▶ **Your goal**
The listing below holds pictures; exclude them. Return exactly the lines from the one with "Andrea Pirlo Signed" through the one with "Danxen Dames Samuele".
━━ Provided records
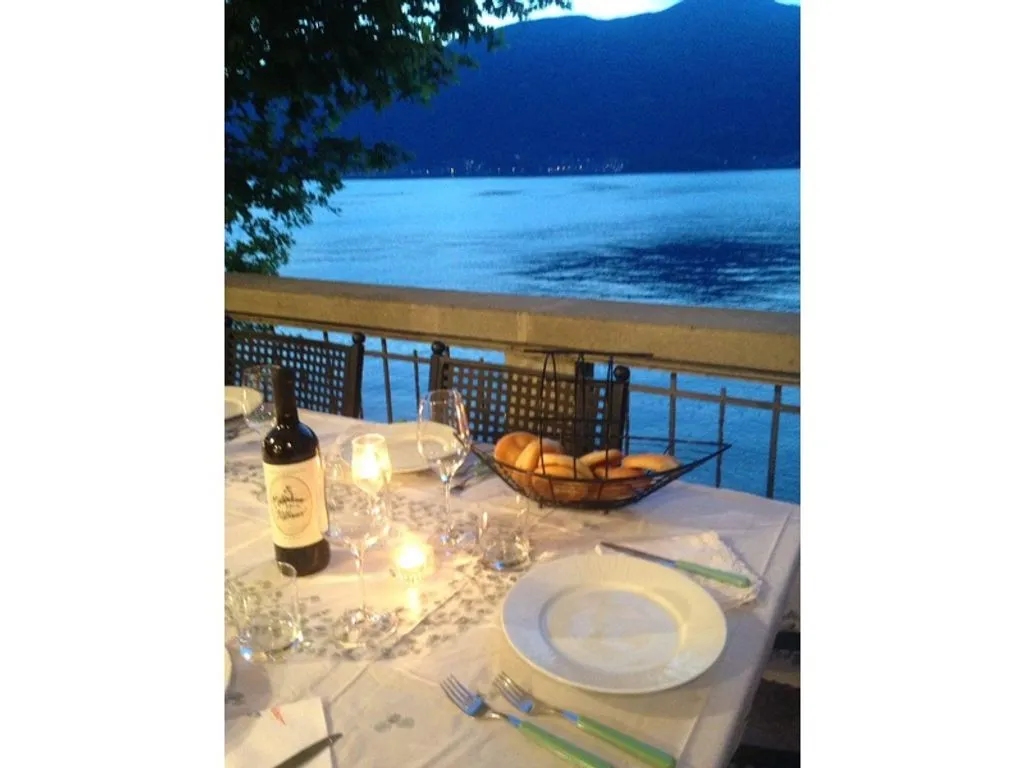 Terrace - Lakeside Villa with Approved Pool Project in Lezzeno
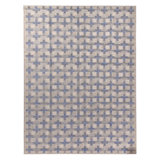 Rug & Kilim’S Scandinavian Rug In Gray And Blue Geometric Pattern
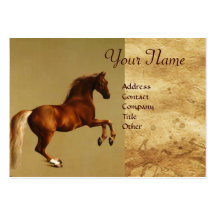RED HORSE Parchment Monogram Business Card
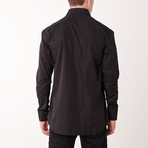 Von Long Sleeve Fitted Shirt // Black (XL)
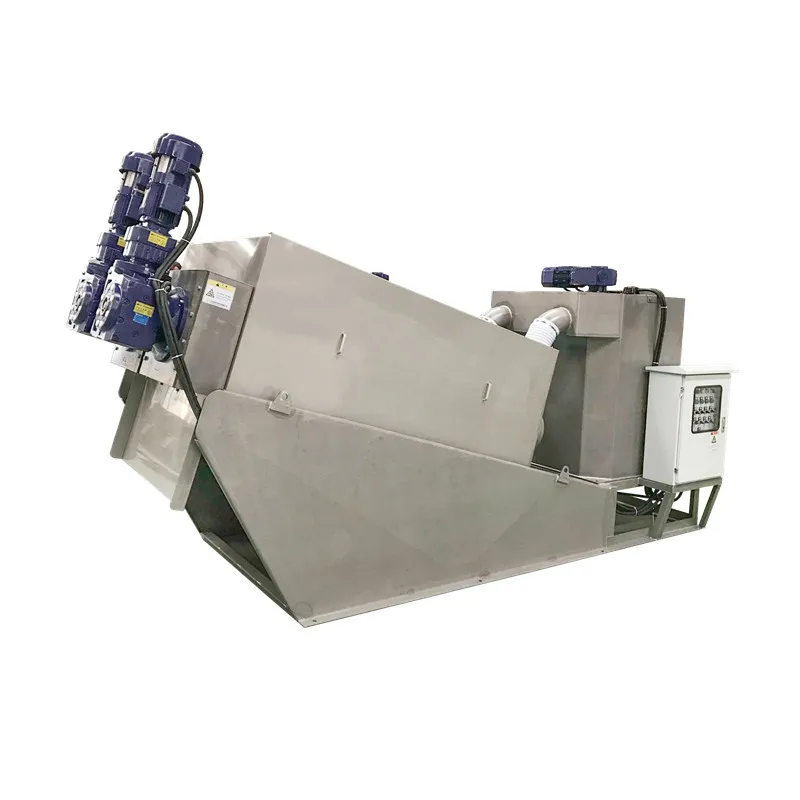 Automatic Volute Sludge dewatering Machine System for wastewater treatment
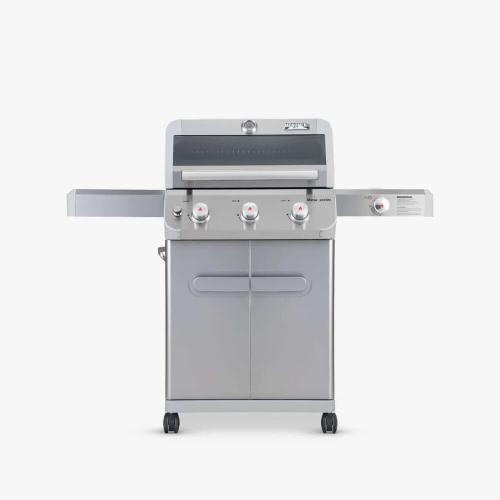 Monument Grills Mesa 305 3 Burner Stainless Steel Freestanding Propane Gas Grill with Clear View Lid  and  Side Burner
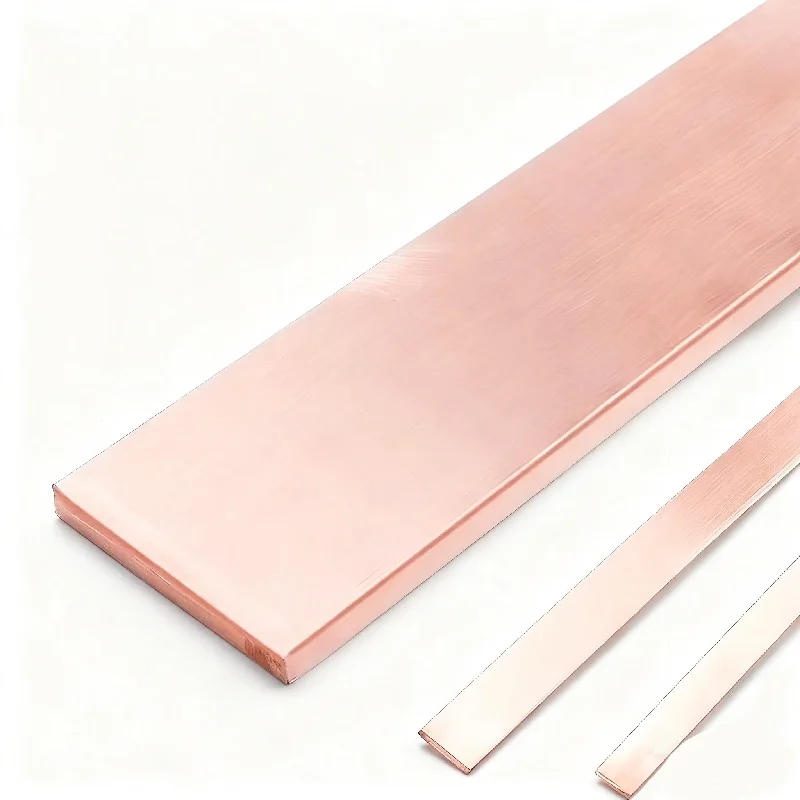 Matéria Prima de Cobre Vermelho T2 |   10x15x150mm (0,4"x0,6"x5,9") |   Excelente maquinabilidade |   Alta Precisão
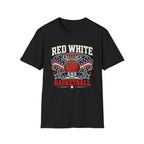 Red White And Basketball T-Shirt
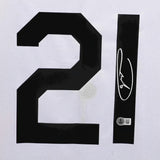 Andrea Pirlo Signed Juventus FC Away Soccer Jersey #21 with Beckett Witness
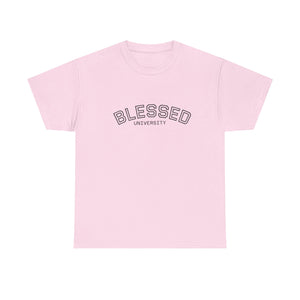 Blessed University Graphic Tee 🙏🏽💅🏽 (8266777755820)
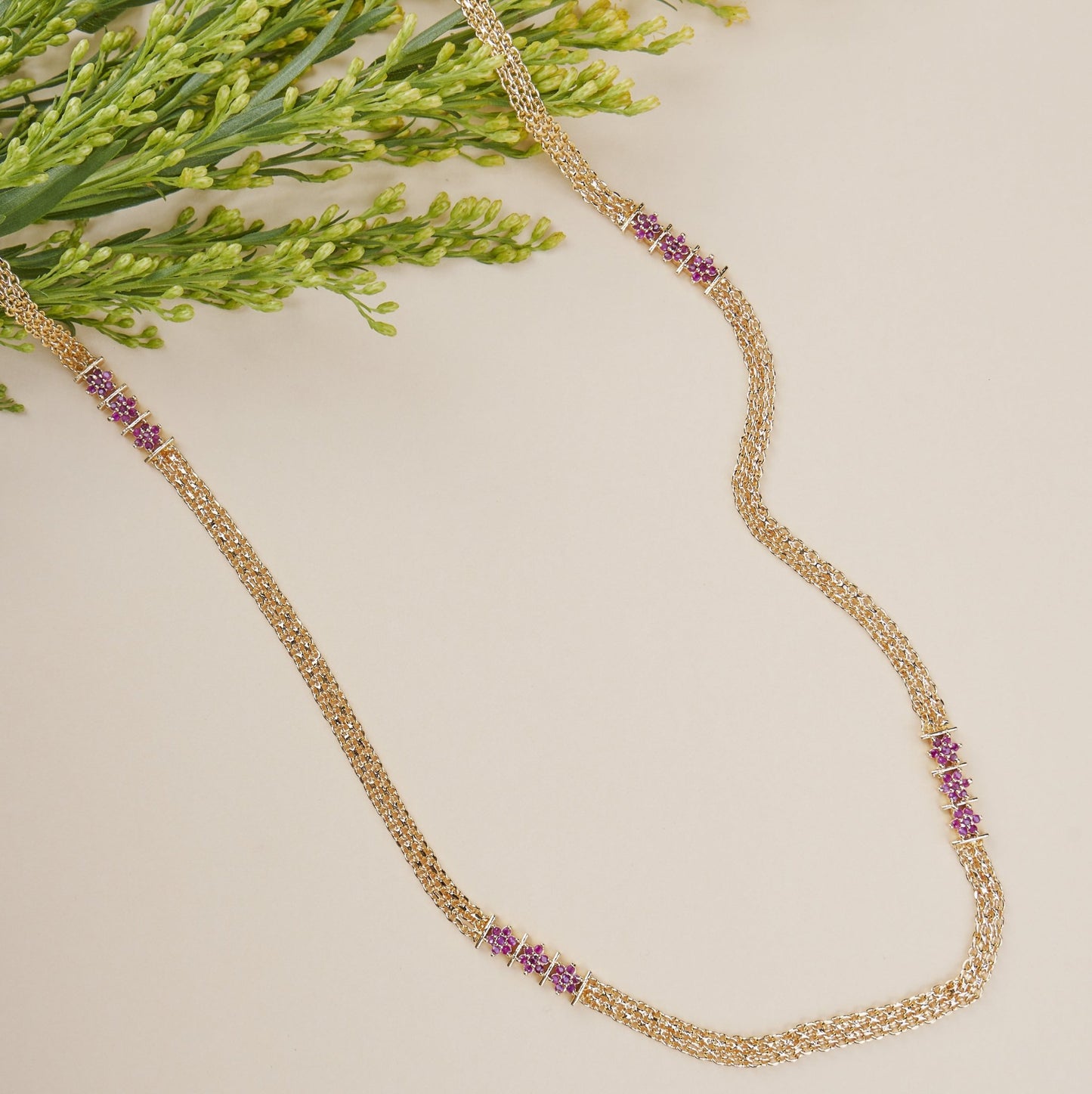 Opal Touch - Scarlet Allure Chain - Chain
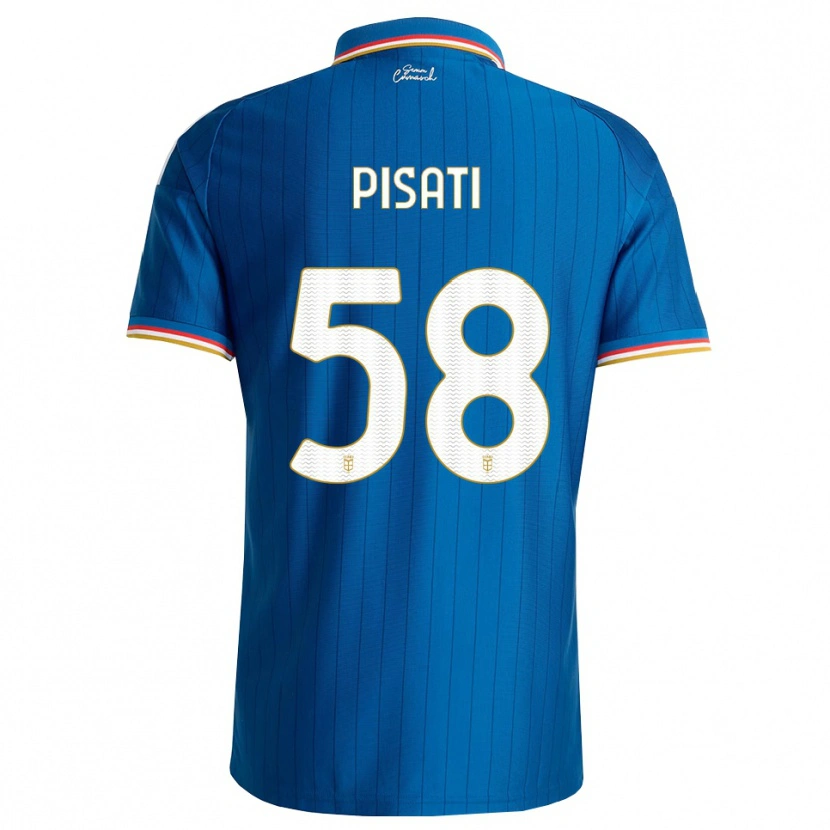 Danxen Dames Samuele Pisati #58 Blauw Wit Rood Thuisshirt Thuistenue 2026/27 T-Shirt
━━━━
━━ Provided records
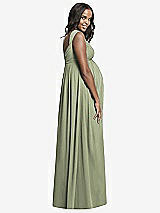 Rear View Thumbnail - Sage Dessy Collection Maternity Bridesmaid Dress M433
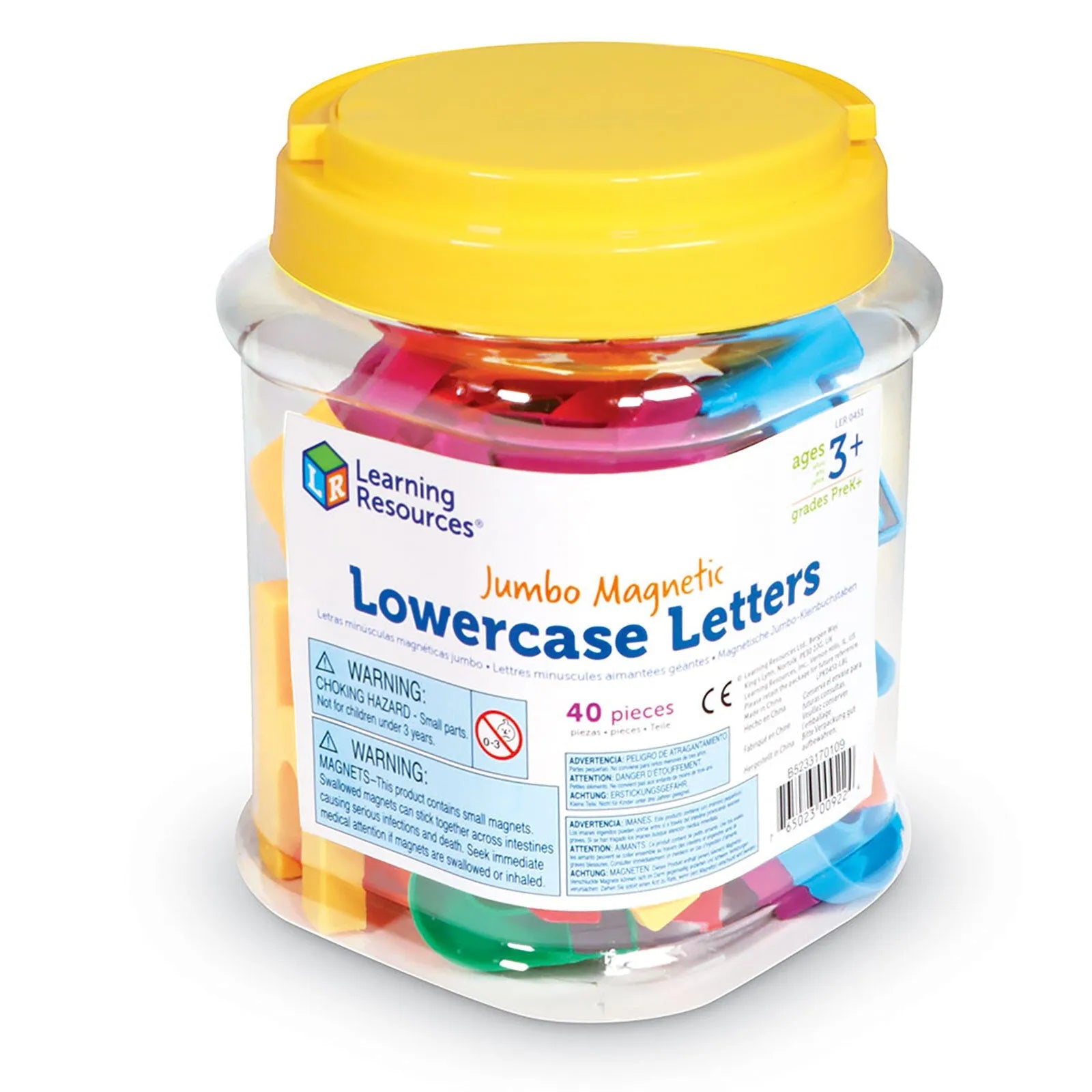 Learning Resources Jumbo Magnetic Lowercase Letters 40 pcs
━━━━
▶ **Expected output**
 Andrea Pirlo Signed Juventus FC Away Soccer Jersey #21 with Beckett Witness
 Blessed University Graphic Tee 🙏🏽💅🏽 (8266777755820)
 Opal Touch - Scarlet Allure Chain - Chain
 Danxen Dames Samuele Pisati #58 Blauw Wit Rood Thuisshirt Thuistenue 2026/27 T-Shirt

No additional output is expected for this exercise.